» **TASK GOAL**
Among the lines below, the one containing "Fone de Ouvido" opens the range and the one containing "Hochwertiges Funktions-Sweatshirt für" closes it. Print that range exactly, without the pictures.

=== Begin Enclosure ===

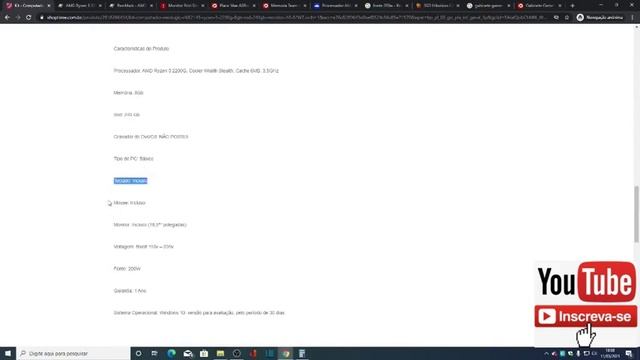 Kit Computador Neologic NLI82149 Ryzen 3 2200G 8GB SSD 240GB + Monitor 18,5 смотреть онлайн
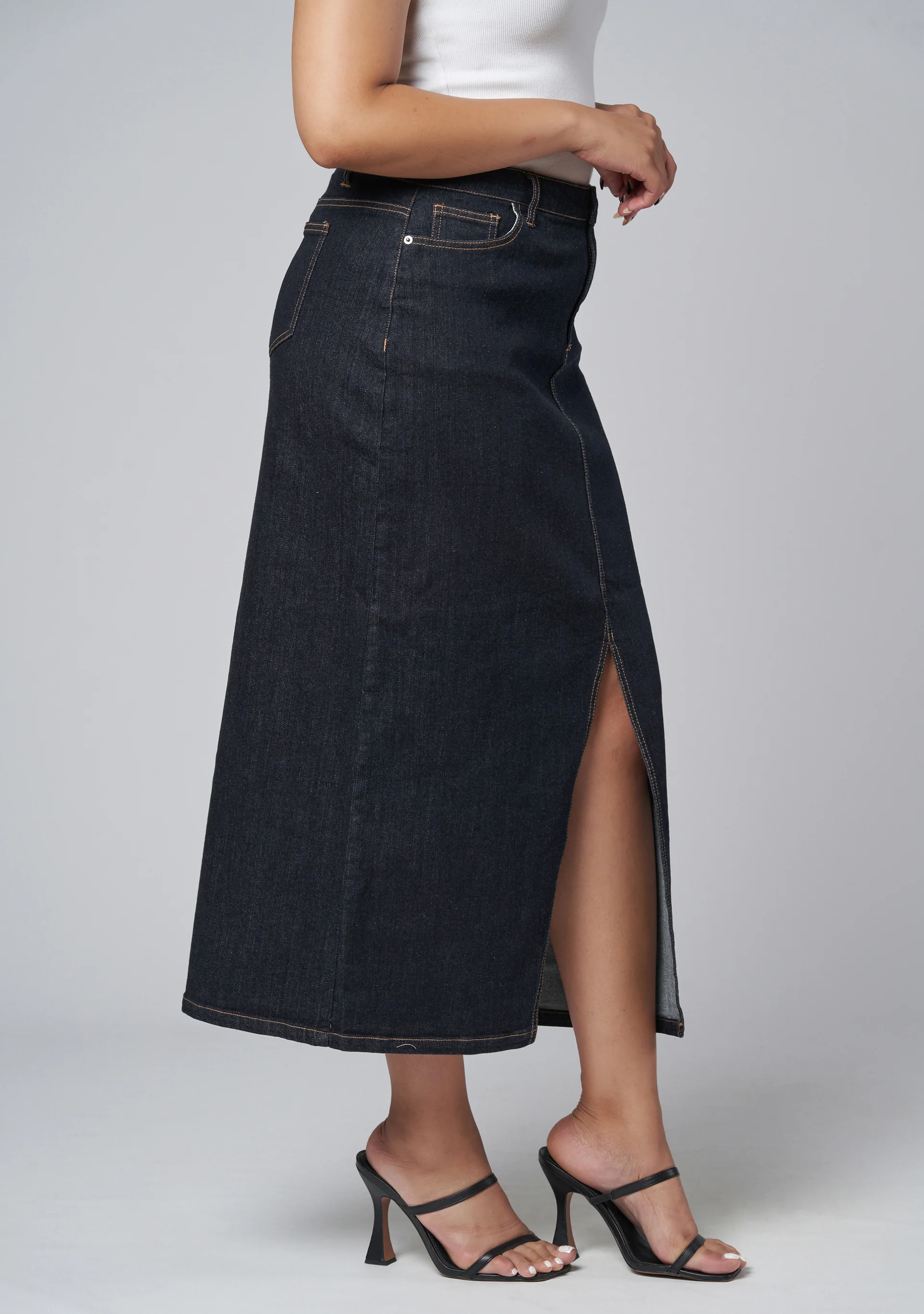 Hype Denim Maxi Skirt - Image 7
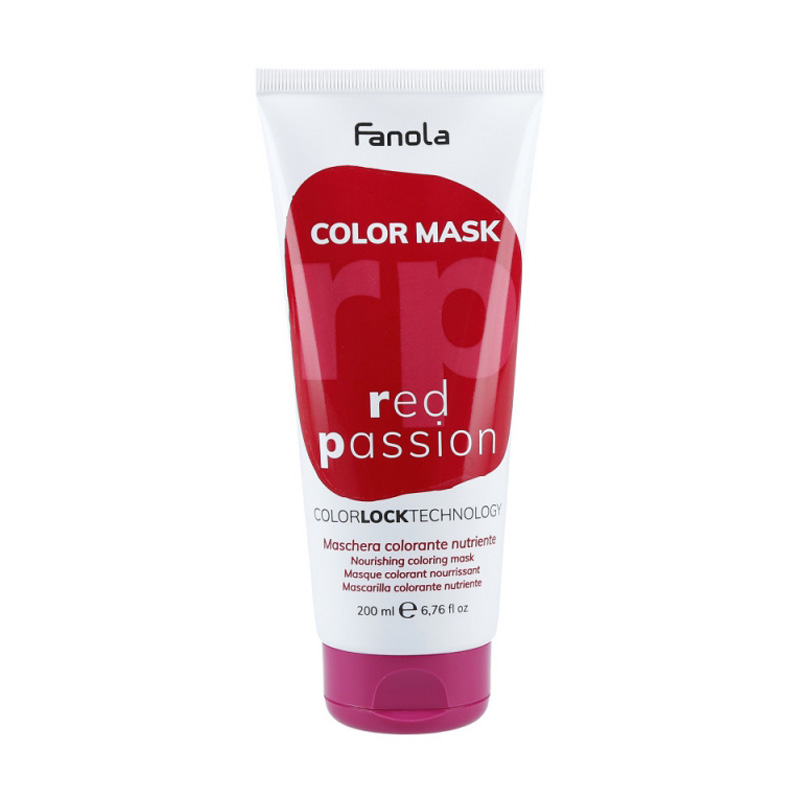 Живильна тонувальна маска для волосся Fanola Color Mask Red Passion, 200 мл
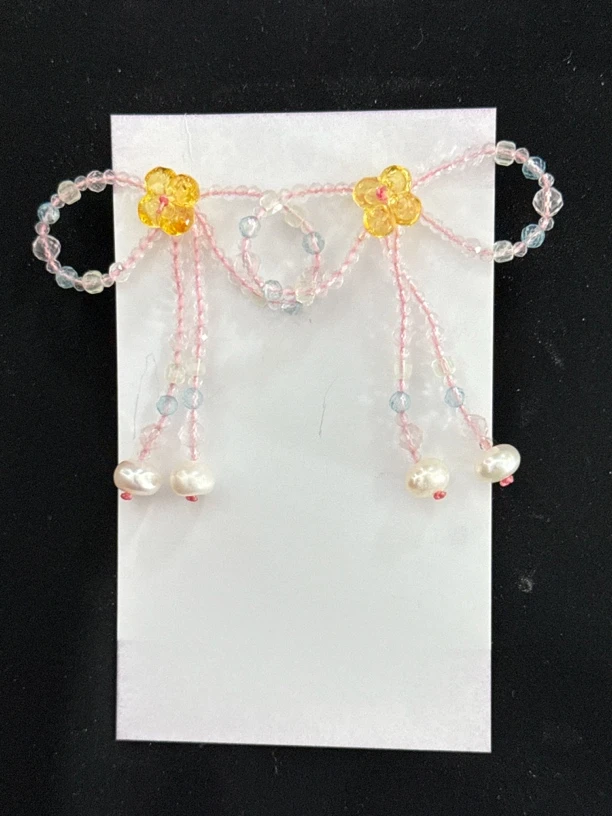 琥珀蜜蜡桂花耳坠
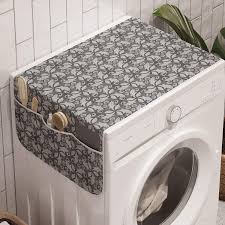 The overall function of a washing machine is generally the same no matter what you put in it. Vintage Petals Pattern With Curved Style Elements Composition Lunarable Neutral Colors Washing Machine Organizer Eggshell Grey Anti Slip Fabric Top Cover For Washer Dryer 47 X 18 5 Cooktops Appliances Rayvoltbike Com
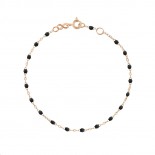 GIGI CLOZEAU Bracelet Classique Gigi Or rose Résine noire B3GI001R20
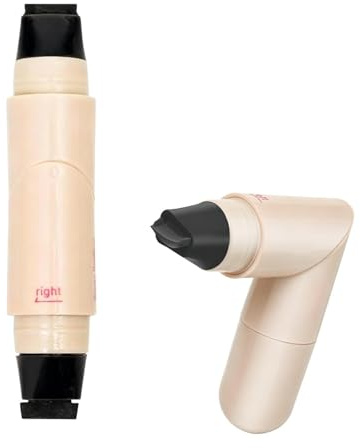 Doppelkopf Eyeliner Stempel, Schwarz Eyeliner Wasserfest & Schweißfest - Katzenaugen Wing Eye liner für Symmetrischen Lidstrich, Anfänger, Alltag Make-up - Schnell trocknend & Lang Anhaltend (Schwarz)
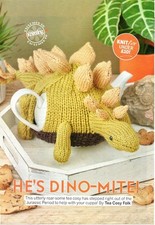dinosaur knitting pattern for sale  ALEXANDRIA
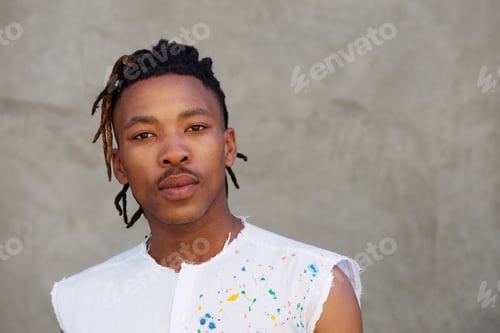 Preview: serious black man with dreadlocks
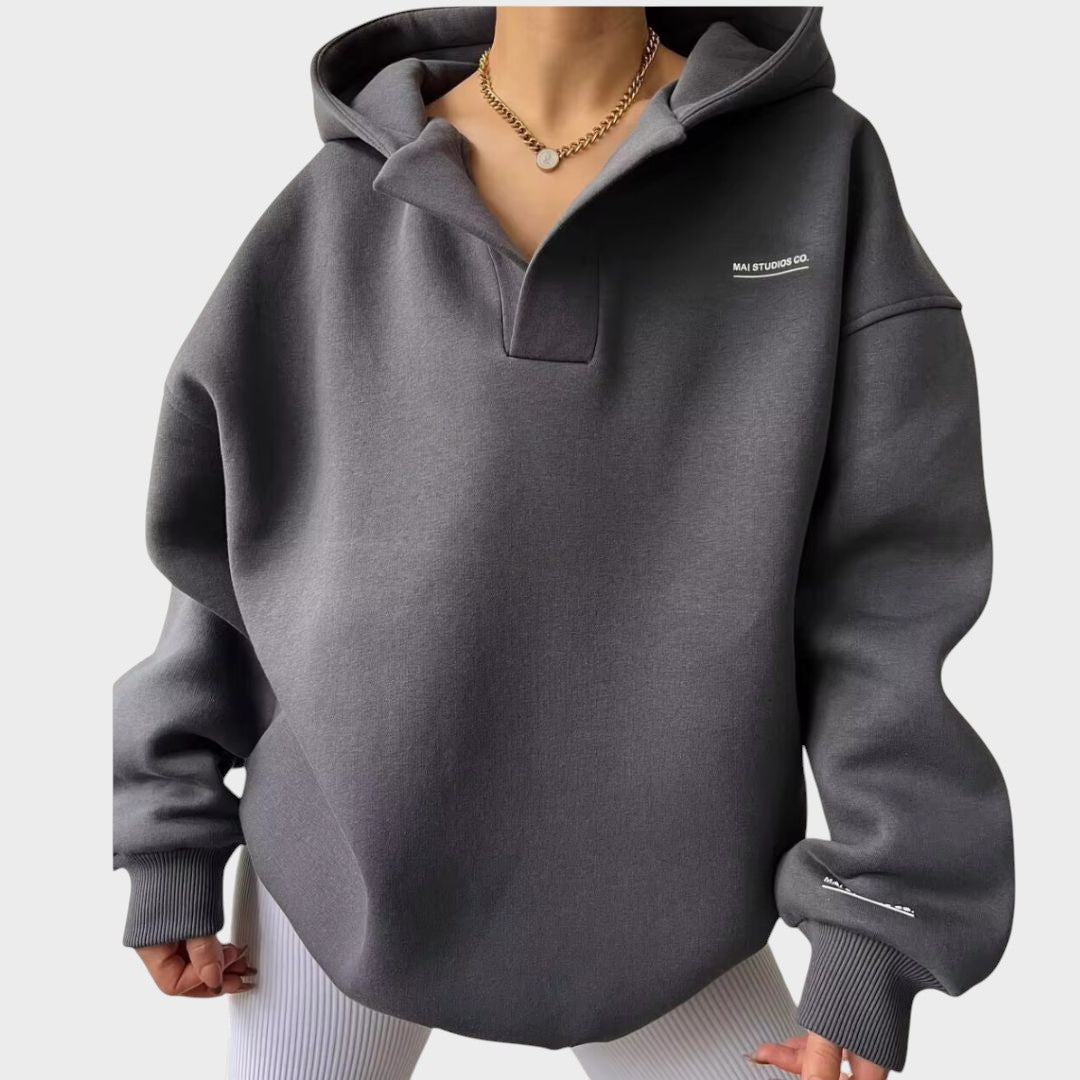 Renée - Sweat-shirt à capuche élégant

=== End Enclosure ===
=== Begin Enclosure ===

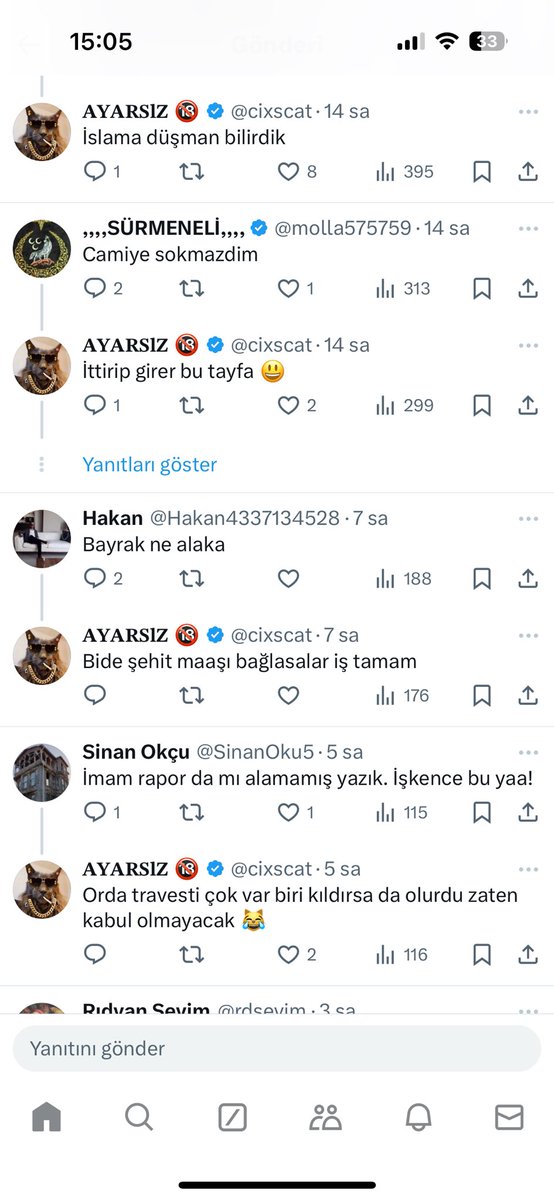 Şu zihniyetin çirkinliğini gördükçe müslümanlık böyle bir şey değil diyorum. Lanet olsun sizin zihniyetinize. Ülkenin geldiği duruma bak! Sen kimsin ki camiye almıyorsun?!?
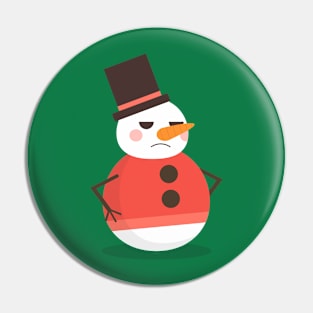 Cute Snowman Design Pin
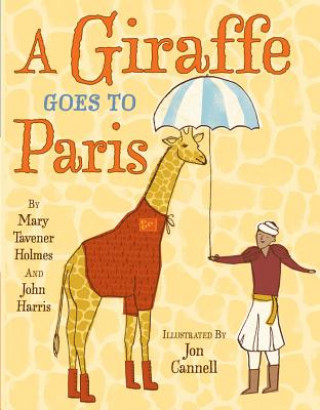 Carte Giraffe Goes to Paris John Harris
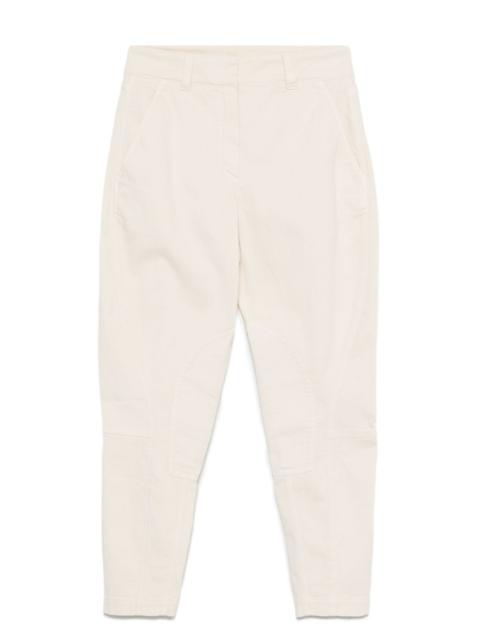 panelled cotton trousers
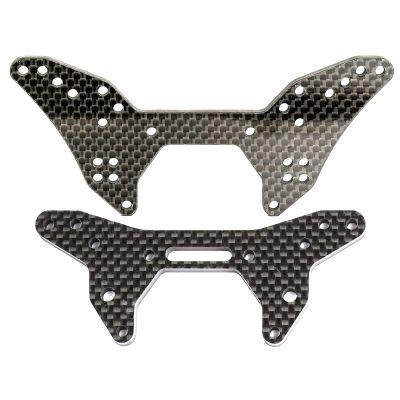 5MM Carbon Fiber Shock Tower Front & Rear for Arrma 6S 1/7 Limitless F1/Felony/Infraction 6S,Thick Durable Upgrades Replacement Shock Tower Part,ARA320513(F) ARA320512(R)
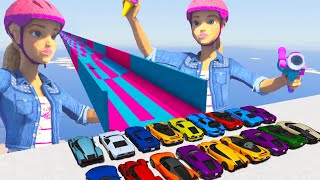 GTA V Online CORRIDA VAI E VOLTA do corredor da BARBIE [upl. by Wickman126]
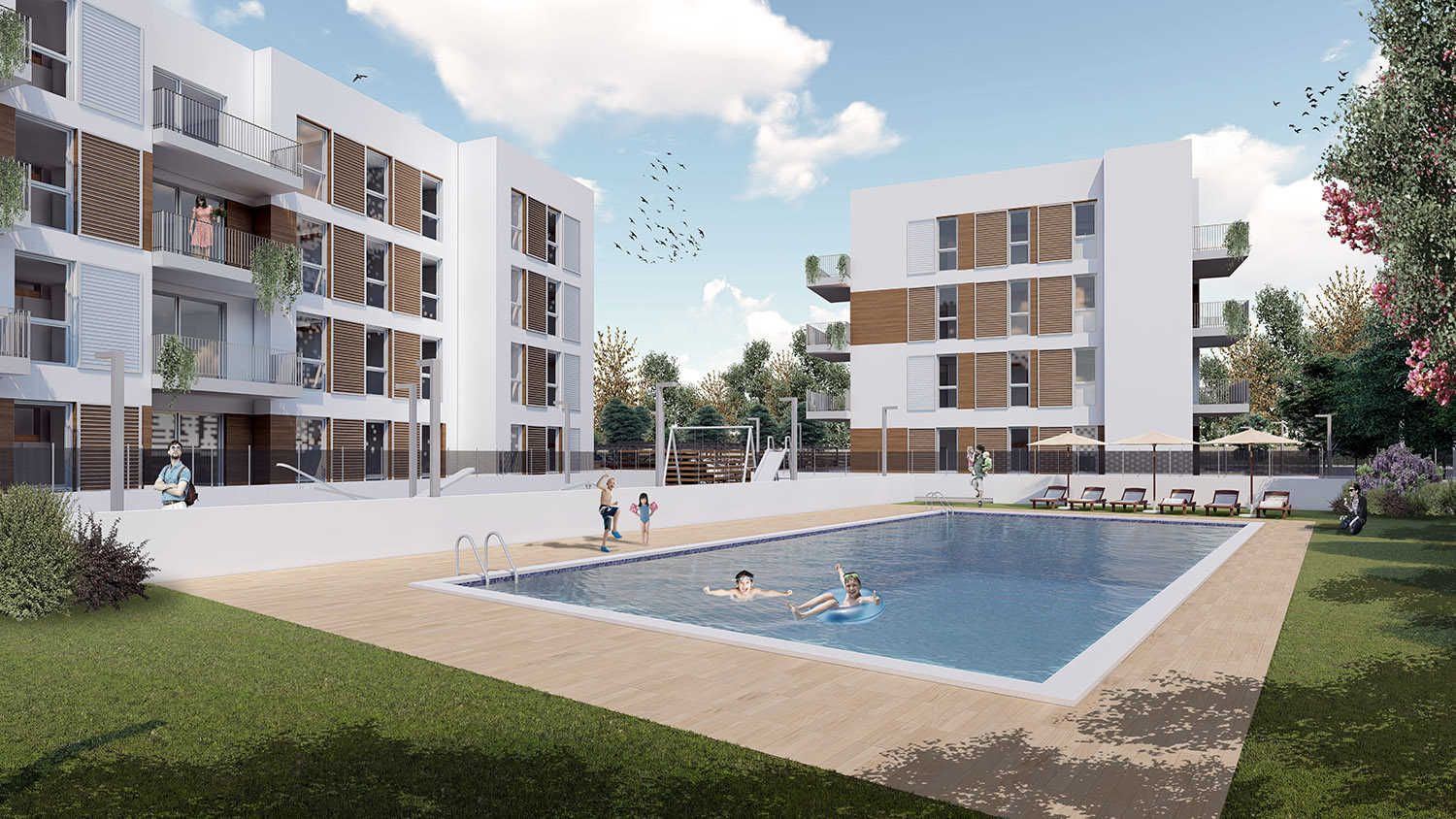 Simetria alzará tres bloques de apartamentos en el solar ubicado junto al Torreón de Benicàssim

=== End Enclosure ===
=== Begin Enclosure ===

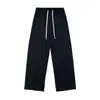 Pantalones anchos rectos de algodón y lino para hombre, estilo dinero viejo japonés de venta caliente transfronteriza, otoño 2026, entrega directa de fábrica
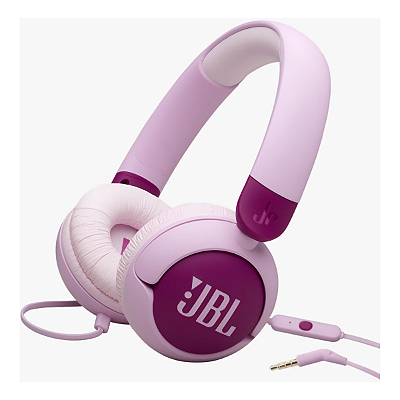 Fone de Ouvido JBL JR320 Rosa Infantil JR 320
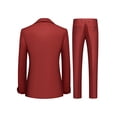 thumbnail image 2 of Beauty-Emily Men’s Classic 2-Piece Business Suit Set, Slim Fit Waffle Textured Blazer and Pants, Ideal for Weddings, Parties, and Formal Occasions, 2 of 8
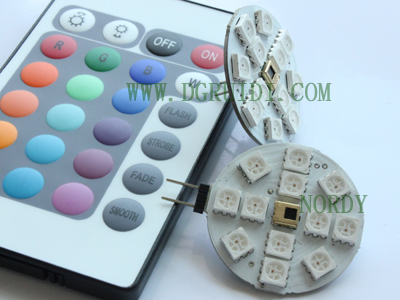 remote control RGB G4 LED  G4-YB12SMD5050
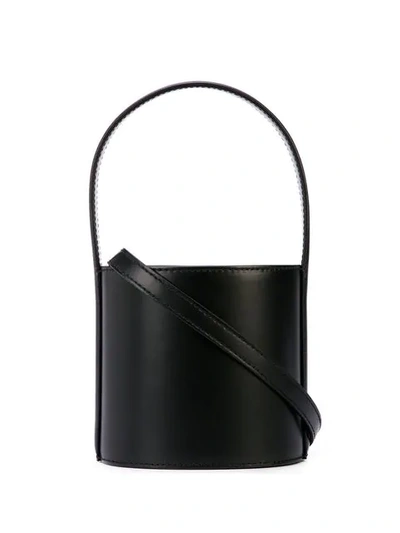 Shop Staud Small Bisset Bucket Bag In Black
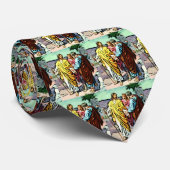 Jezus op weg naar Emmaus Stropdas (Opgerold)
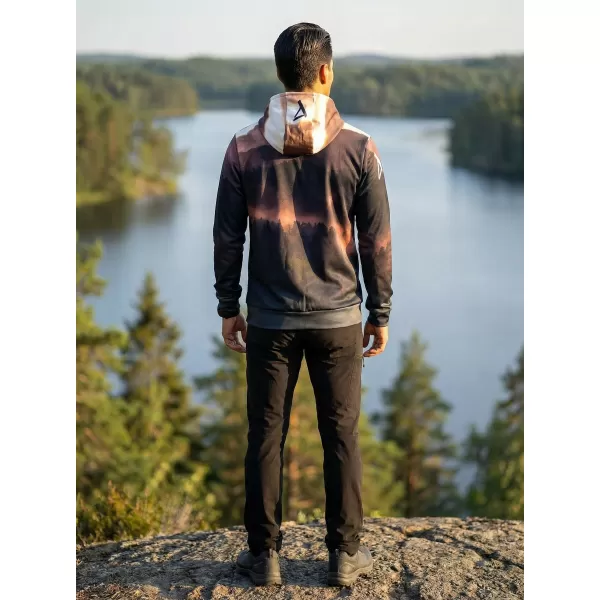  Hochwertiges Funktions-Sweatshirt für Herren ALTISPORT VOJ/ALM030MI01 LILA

=== End Enclosure ===

» **ANSWER FOR THIS EXERCISE**
 Fone de Ouvido JBL JR320 Rosa Infantil JR 320
 thumbnail image 2 of Beauty-Emily Men’s Classic 2-Piece Business Suit Set, Slim Fit Waffle Textured Blazer and Pants, Ideal for Weddings, Parties, and Formal Occasions, 2 of 8
 remote control RGB G4 LED  G4-YB12SMD5050
 Shop Staud Small Bisset Bucket Bag In Black
 Jezus op weg naar Emmaus Stropdas (Opgerold)
  Hochwertiges Funktions-Sweatshirt für Herren ALTISPORT VOJ/ALM030MI01 LILA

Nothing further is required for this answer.